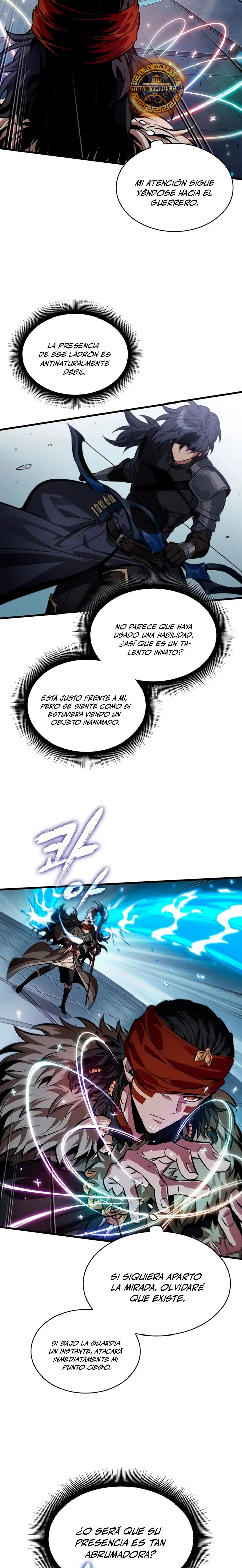 Read Gacha infinito ES Manga Online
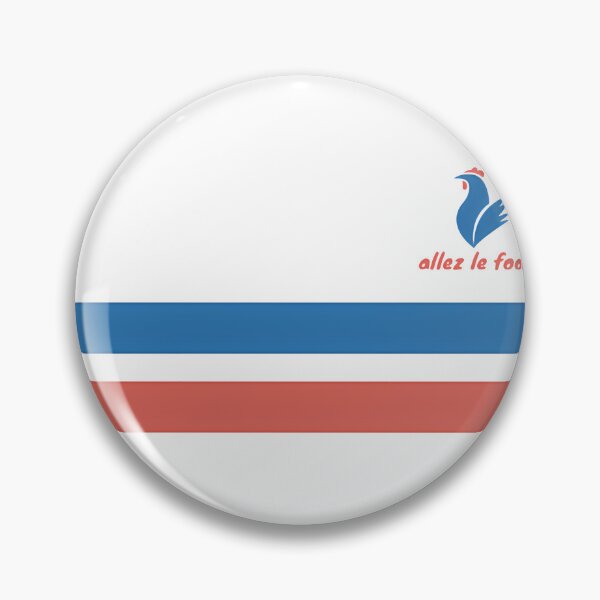 Item preview, Equipe de france de football T-Shirt_27546823 designed and sold by KTY-NUSS.
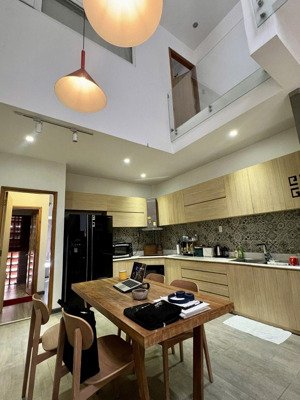 nhà đẹp phan xích long p3 phú nhuận - 4tầng - 53m(4.5x12m) - 3pn - hẻm 4m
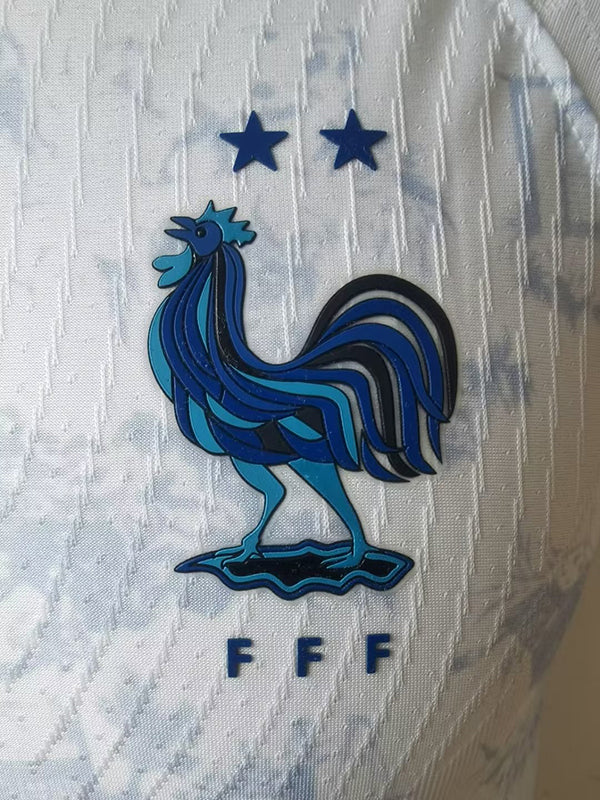 France 22/23 Away Shirt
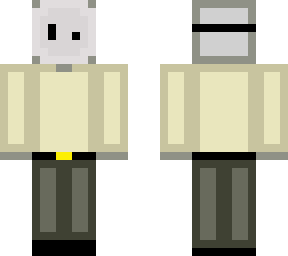 ghost duck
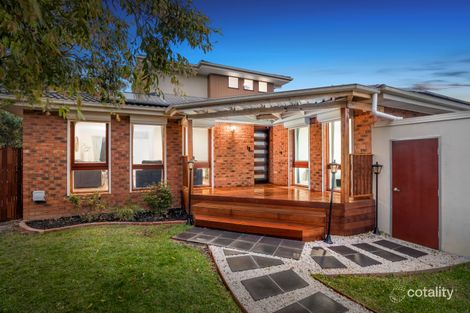 Property photo of 9 Malmsbury Crescent Rowville VIC 3178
- - - -
* ABOUT THIS EXERCISE: In the material above, repeat each entry exactly and omit every picture.

* RESULT BELOW:
 Read Gacha infinito ES Manga Online
 Item preview, Equipe de france de football T-Shirt_27546823 designed and sold by KTY-NUSS.
 nhà đẹp phan xích long p3 phú nhuận - 4tầng - 53m(4.5x12m) - 3pn - hẻm 4m
 France 22/23 Away Shirt
 ghost duck
 Property photo of 9 Malmsbury Crescent Rowville VIC 3178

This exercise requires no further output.